Essentially, by the end of 2009, you expect to do 100,000 SQL queries per day. This is about 1.157 queries per second.
I am making the assumption that your configuration is "normal" (i.e. you're not doing something funky and these are pretty straightforward SELECT, UPDATE, INSERT, etc), and that your server is running RAID disks.
At 4,000 rows per table this is nothing to SQL server. You should be just fine. If you wanted to be proactive about it, put another stick of RAM in the server and bring it up to at least 2GB, that way IIS and SQL have plenty of memory (SQL will certainly take advantage of it).

The hosting machine? Does this mean that you have IIS and SQL installed on the same box or IIS on your host machine with a dedicated SQL Server provided by your hosting company? Either way I would suggest starting to take a look at how you might implement a caching layer to minimize the hits (where possible) to the database. Once this is PLANNED (not necessarily implemented) I would then start to look at how you might build a caching layer around your output (things built in ASP.NET). If you see a clear an easy path to building caching layers...then this is a quick and easy way to start to minimize request to the database and work on your web server. I suggest that this cache layer be flexible...read not use anything provided by .NET! Currently I still suggest using MemCached Win32. You can install it on your one hosted local box easily and configure your cache layer to use local resources (add memory...1gb is not enough). Then if you find that you really need to squeeze every little bit of performance out of your system...splurge for a second box. Split your cache between your current box...and the new box (allowing you to keep more in cache). This will give you some room (and time) to grow. Offloading to more cache should help address any future spikes...and with the second box you can now also focus on making your site work in farmed environment. If you are using local session..push that into your cache layer so that a request from one box or another won't matter (standard session is local to the box that it is managed on).
This is a huge subject...so without real details this is all speculation of course! You might be just right for adding better and more hardware to the existing installation.
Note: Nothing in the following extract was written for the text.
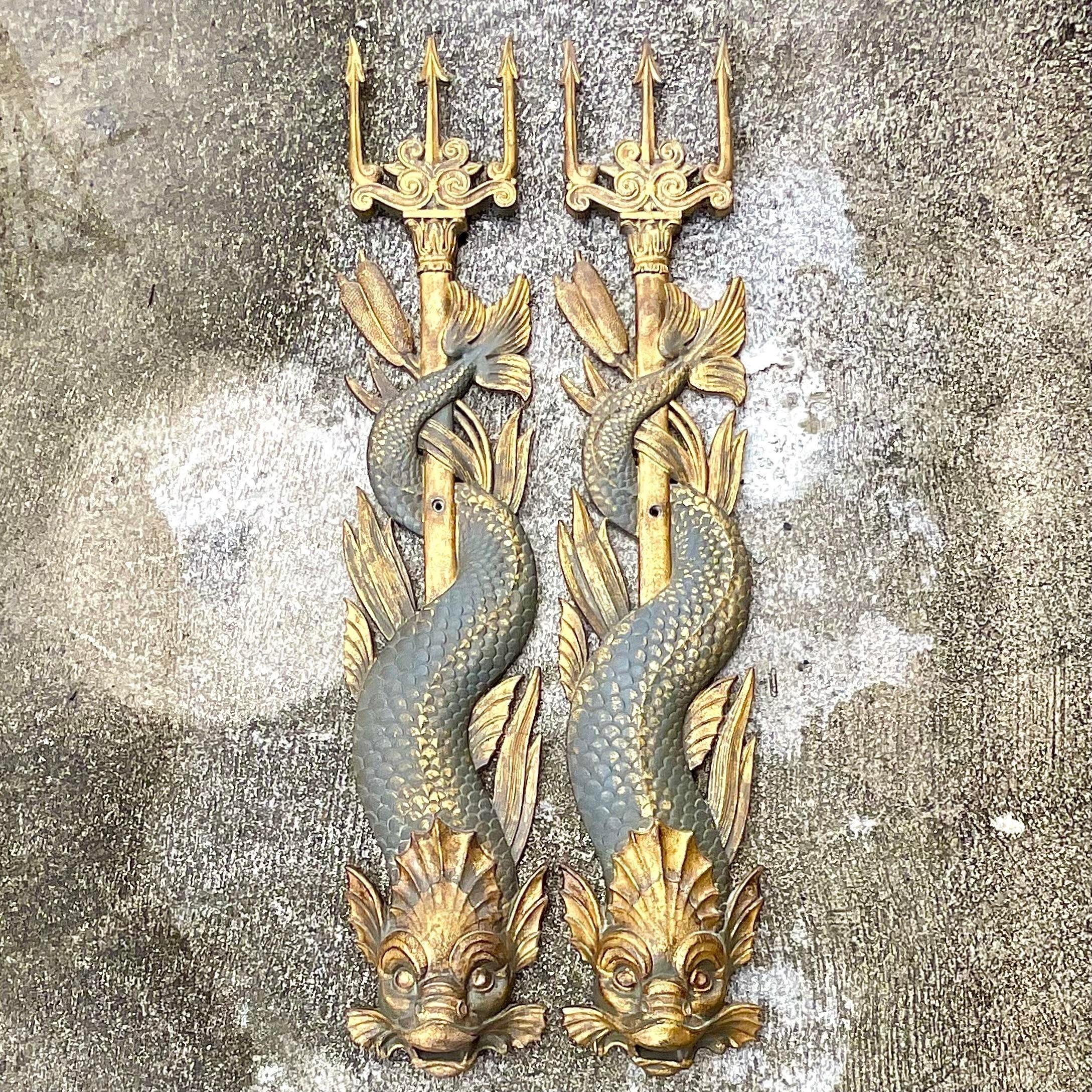 Vintage Boho Painted Iron Serpent Wall Spouts - a Pair 7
Have you tried setting up a quick performance test using sample data? 20,000 page views is less than one/sec (assuming even distribution over 8 hours), which is pretty minimal given your small tables. Assuming you're not sending a ton of data with each page view (i.e. a data table with all 1000 rows from one of your tables), you are likely OK.
You may need to increase RAM, but other than running a performance test I wouldn't worry too much about performance right now.

I don't think the load you are describing would be too much of a problem for most machines. Of course it doesn't just depend on the few metrics you outlined but also on query complexity, page size, and a heap of other things.
If you worry about scalability do some load testing and see how your site handles, say 10000 page views per hour (about 3 views per second). It's mostly always good to plan ahead as long as you plan for probable scenarios.

Guts say: Given 10 tables with 4,000 rows each and assuming about 2KB of data per row is only 80MB for the entire database. Easily cached within memory available. Assuming everything else about the application is equally simple, you should be able to easily serve hundreds of pages per second.
Engineers say: If you want to know, stress test your application.